** Opening COLLECTED DATA block **

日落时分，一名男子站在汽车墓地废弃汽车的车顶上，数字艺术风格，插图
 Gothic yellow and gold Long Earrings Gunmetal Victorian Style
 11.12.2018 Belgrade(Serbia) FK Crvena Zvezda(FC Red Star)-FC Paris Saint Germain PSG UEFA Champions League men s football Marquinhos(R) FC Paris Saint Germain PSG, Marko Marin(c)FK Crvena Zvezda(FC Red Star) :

** Closing COLLECTED DATA block **

WHAT YOU SHOULD DO - Copy out the whole listing exactly.

ANSWER TO THIS TASK -
日落时分，一名男子站在汽车墓地废弃汽车的车顶上，数字艺术风格，插图
 Gothic yellow and gold Long Earrings Gunmetal Victorian Style
 11.12.2018 Belgrade(Serbia) FK Crvena Zvezda(FC Red Star)-FC Paris Saint Germain PSG UEFA Champions League men s football Marquinhos(R) FC Paris Saint Germain PSG, Marko Marin(c)FK Crvena Zvezda(FC Red Star) :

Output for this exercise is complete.